The Boy Scouts and the Ten Commandments Hike

Father Hollywood's picture appears in the photo gallery of Cub Scouts Pack 378 from an event called the Ten Commandments Hike - which took place the in the afternoon the day after Thanksgiving.

The idea is to hike around New Orleans, visiting a different house of worship for an explanation of one of the commandments from the point of view of that tradition. The hike included non-Christian traditions (e.g. Judaism, Islam, Latter Day Saints) as well as Lutheran, Roman Catholic, Methodist, and Episcopal visits. It was a good opportunity for the scouts to see how different religions - and even different traditions within Christianity - interpret and make use of the Ten Commandments in their confessions.

The Lutheran church normally used as a stop on the hike is currently vacant, and is still being restored following Hurricane Katrina, so the Lutheran presentation was given in a United Church of Christ building that rents out some of its campus to a local theater.

It was a great opportunity to address the boy scouts and their families regarding a little background history of the Lutheran tradition, the Small Catechism, and the various uses of the law in Lutheran theology.

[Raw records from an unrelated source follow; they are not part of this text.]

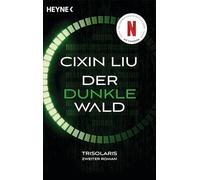 Der dunkle Wald: Das große Serien-Ereignis auf Netflix - Trisolaris Zweiter Roman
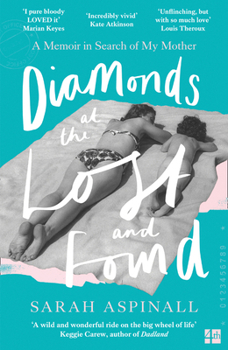 Paperback Diamonds at the Lost and Found: A Memoir in Search of My Mother Book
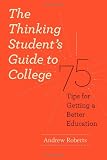 The Thinking Student's Guide to College: 75 Tips for Getting a Better Education (Chicago Guides to Academic Life)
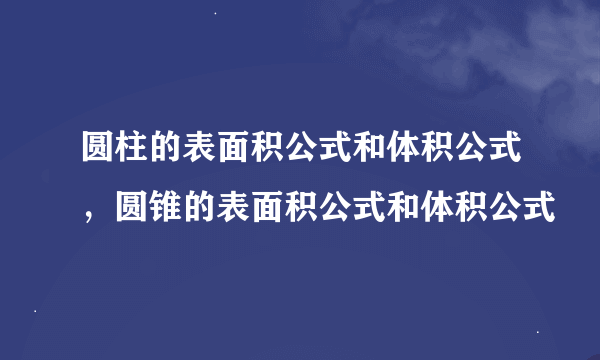 圆柱的表面积公式和体积公式，圆锥的表面积公式和体积公式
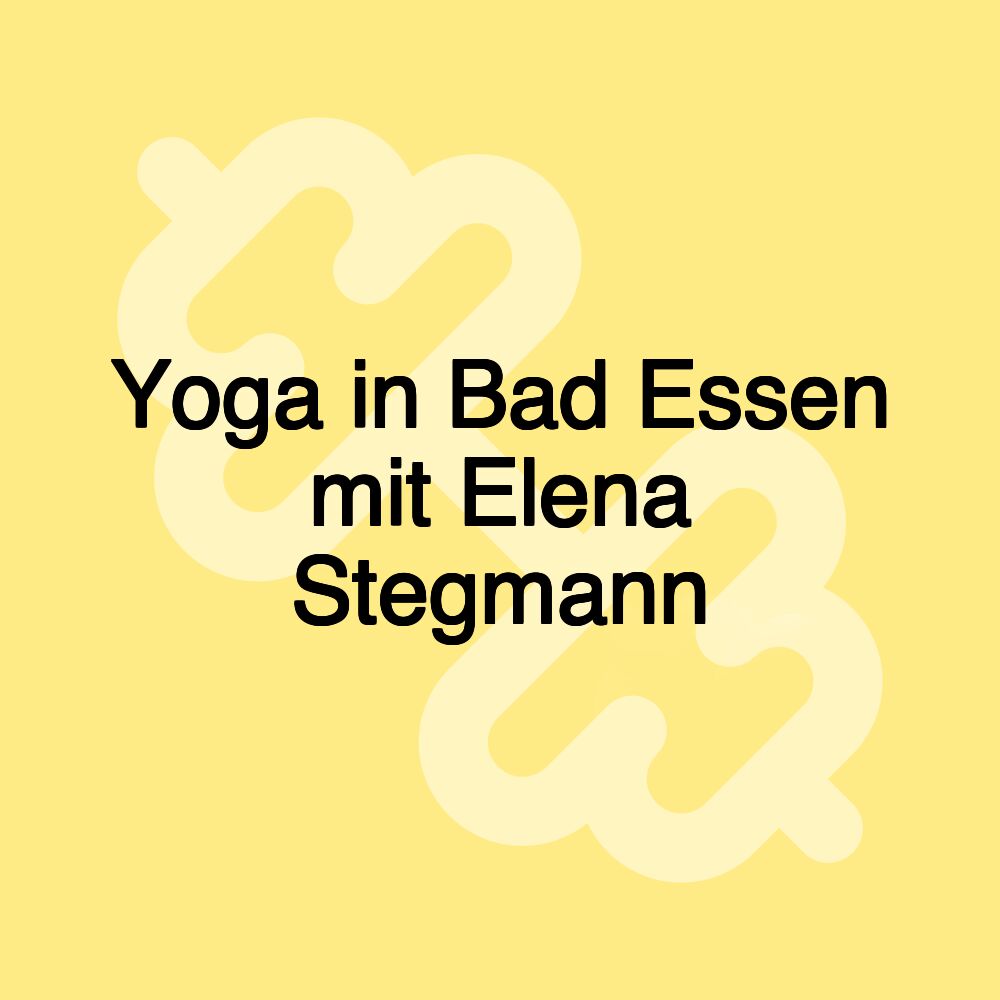 Yoga in Bad Essen mit Elena Stegmann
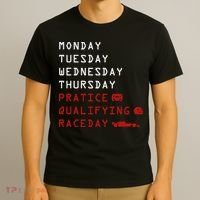 Monday Tuesday Thursday Practice Qualifying Race Day T-Shirt thumb 3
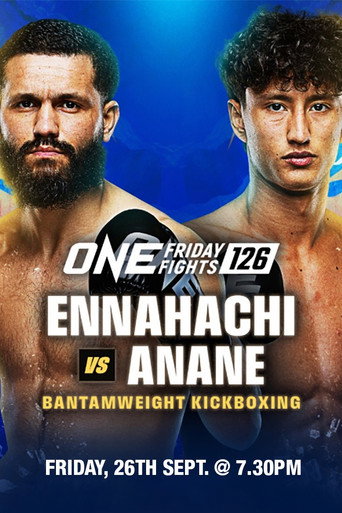 Movie poster for ONE Friday Fights 126: Ennahachi vs. Anane (2025)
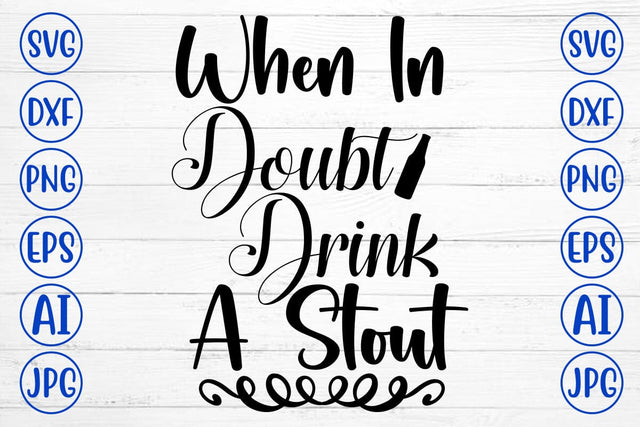 When In Doubt Drink A Stout SVG Design SVG Syaman 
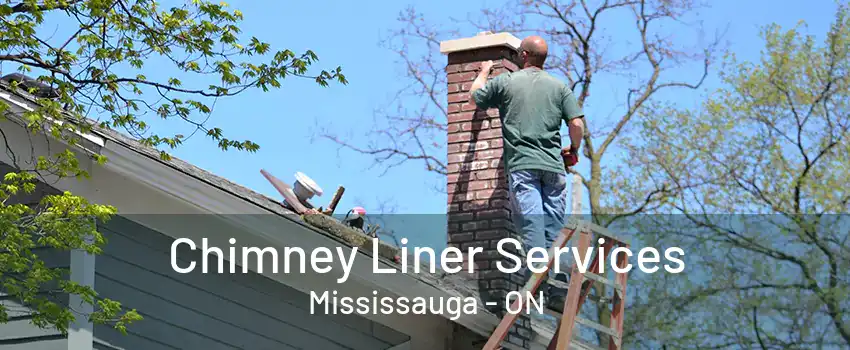 Chimney Liner Services Mississauga - ON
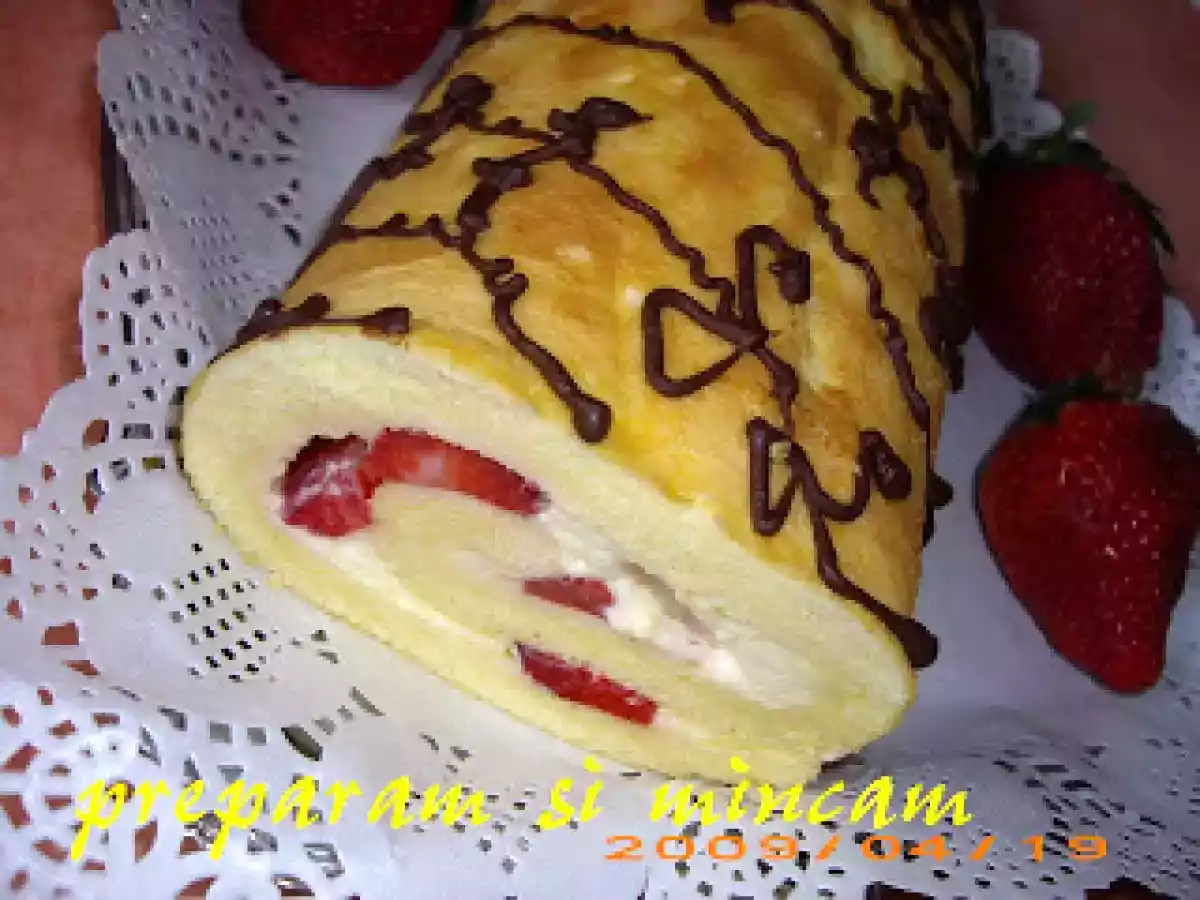Rulada cu capsuni si crema pasticcera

I was assigned the Ninth Commandment on their hike: "Thou shalt not covet thy neighbor's wife" - which, in the Roman Catholic/Lutheran numbering methodology (which I understand dates back to St. Augustine), is actually part of the Tenth Commandment. Protestants and Eastern Orthodox have a different way of numbering the commandments, and Jews have one even different from that. The organizers of the event blended the various numbering systems so as not to seem biased to one over the others.

Here is the text from Luther's Small Catechism (1986 translation, copyright Concordia Publishing House, using the New International Version translation of the Bible) regarding this commandment:

The Tenth Commandment

You shall not covet your neighbor's wife, or his manservant or maidservant, his ox or donkey, or anything that belongs to your neighbor.

What does this mean? We should fear and love God so that we do not entice or force away our neighbor's wife, workers, or animals, or turn them against him, but urge them to stay and do their duty.

This gave me a great opportunity to demonstrate how this commandment isn't only about the obvious: the integrity of marriage and family life, but extends to the very concept of duty, and how our duty includes encouraging and exhorting others to carry out their duty as God calls them to a specific vocation. The Boy Scouts are one of the few organizations that are teaching young men about such seemingly antiquated concepts as duty, honor, chivalry, and manhood.

I was never a Boy Scout, but I will encourage Lion Boy to become involved when he is older. We need to support organizations that are willing to go out on a limb for what is right and honorable - especially in matters of the distinction between the sexes. The Boy Scouts are one of the few institutions that maintain traditional values and have not capitulated to the pressure of deviant groups laying a claim to normalcy.

I enjoyed giving my brief presentation, and some of the boys in the audience were actually students of Salem.